Monday, June 2, 2014
Pricing Digital Creative Services
Joseph Alois Schumpeter was an economist who studied in Vienna and London. I would put him in the top five of all economists in history along with Adam Smith, Karl Marx, John Maynard Keynes and Friedrich Hayek. He popularized the term “creative destruction” in economic and political circles. After a failed early marriage and living beyond his means in London, a friend wangled a job for him managing the estate of an Egyptian princess living in Cairo. He jumped at the lucrative position and was quite successful. It turns out that the prior trustees had been stealing the princess blind. By simply taking his precise contractual fee, Schumpeter was able to lower rents for the tenants of the princess to their great delight yet still managed to double her annual income. Once things were set up his time was largely his own and he drafted his first book, THE THEORY OF ECONOMIC DEVELOPMENT. His reputation spread and soon he was called back to Vienna as a professor.
Why tell this story? Well, it reminds me a bit of what has been happening over the last 15 years in the digital advertising arena. Some years back, when the internet was just getting rolling as an advertising medium, a new player showed up at a large client that I handled. He was not too smooth and people said that he was not the sharpest tool in the shed regarding marketing or media. I tried to be a bit kinder than that as he seemed to simply use different terms for certain items than we did and when any one used a standard term he would often blurt out “what’s that” which had some people stifling laughs. After a while I noticed how he seemed to have an inordinate interest on the cost of all creative jobs, copying and anything that could be remotely defined as “digital.” When he asked what a job cost he would write it down and sometimes smile and other times frown but he would not comment.

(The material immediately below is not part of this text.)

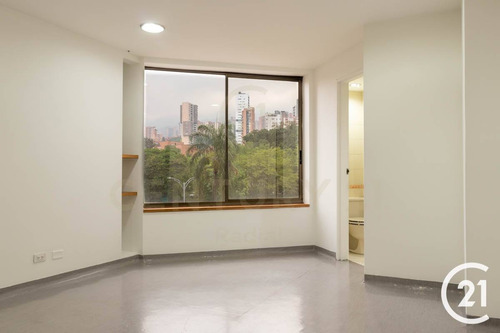 Imagen 2 de 12 de Venta Oficina En Milla De Oro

I bumped in to him once by accident at a social gathering two weeks before we were to begin negotiations for a multi-year contract renewal. He told me that we had better lower fees for certain jobs or we would be on very thin ice. I got him a drink and he opened up to me. He essentially said, “You have always treated me with respect but your associates do not. Yes, I have had five jobs in the last eight years. In that time, I have dealt with seven agencies and I monitor fees closely. You guys charge way too much on certain items. I am not the marketing director but you are not going to rip us off any longer.”

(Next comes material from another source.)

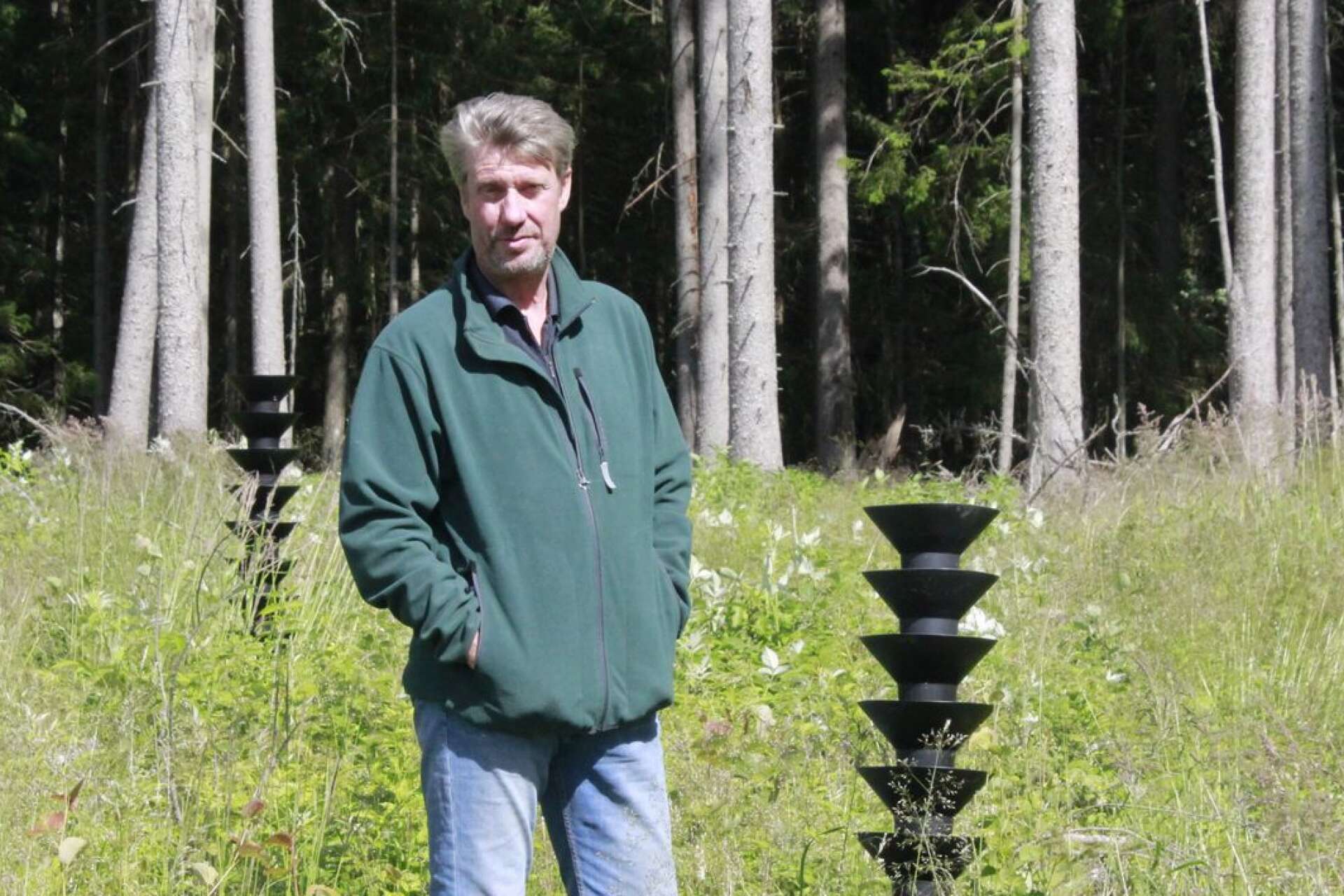 Per-Olof Södergren bredvid en feromonfälla som ska locka ut granbarkborren från skogen.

The next day I reported back to the CEO and we did some digging. Yes, we were overcharging for some items but, after checking with other shops around the country, we were virtually giving other tasks away. We slashed prices on the sensitive items and obtained the contract renewal. The client moved on a year or so later and I doubt his boss had a clue about how much his lieutenant had saved the company.
Were we really price gouging? I talked to some people recently and a common thread ran through their comments. One CEO who retired in the last few years weighed in as follows: “Don, when digital began we were clueless. We did not know what to charge. So, we took some guesses and found we were high in some places and low in others. When new young designers came on board, we got a handle on what others were charging. Still, we got stung by boutiques who could do a job overnight for a third of what we charged. As young talent moved client side, we had to adjust quickly as they had contacts all over. My successor is a great guy and ethical. He asked me how to bill attempts at viral videos. Charging by the number of hours would not work so he puts two young creatives on the job who work nights and weekends as they love the assignment. Their batting average stinks. They are way below the Mendoza line (this is a baseball term attributed to George Brett describing a hitter in a slump with a batting average below .200 which was the normal average of infielder Mario Mendoza). Now, there appears to be some niche shops who know how to make them work with some consistency. How do we price something we know will likely not work?”

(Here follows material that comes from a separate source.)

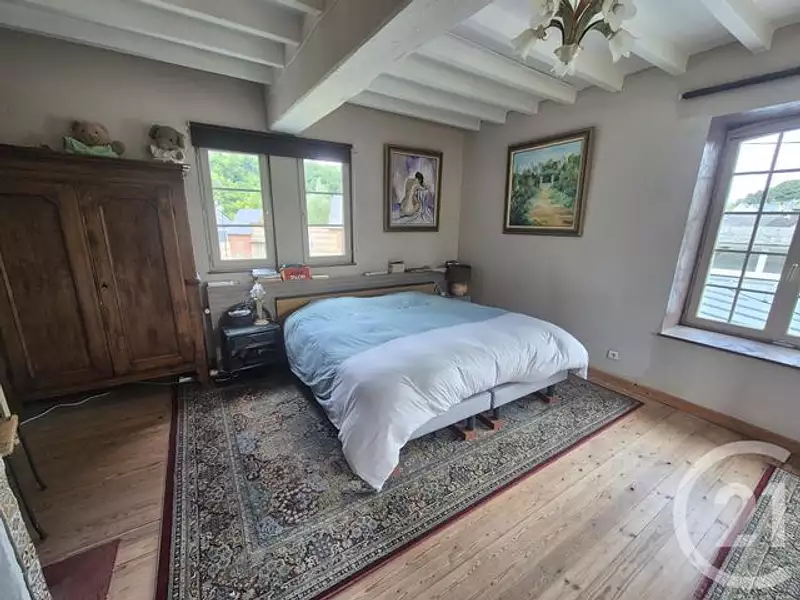 Maison, 254,4 m²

Another mid-sized CEO takes a different approach. “While no two compensation agreements are alike, we try to do a flat fee for all agency services allowing us to make what we think is a fair profit. We may lose our shirt on some tasks but, overall, the clients know we are playing things straight with them. By doing this, we are learning a lot about new platforms. If we charged a la carte, I am sure that we would be bushwhacked by some boutiques. We are not that big, but we cannot respond as a three person shop can that is truly cutting edge”.
So, the young lions at the boutiques who work quickly and know shortcuts and tricks are beating the small and medium sized shops badly and charging way less. They are the Schumpeters of our new century in terms of providing better service for less money. With scores more changes coming on board on scads of new platforms, traditional agencies who claim to be digitally savvy are in a tight spot.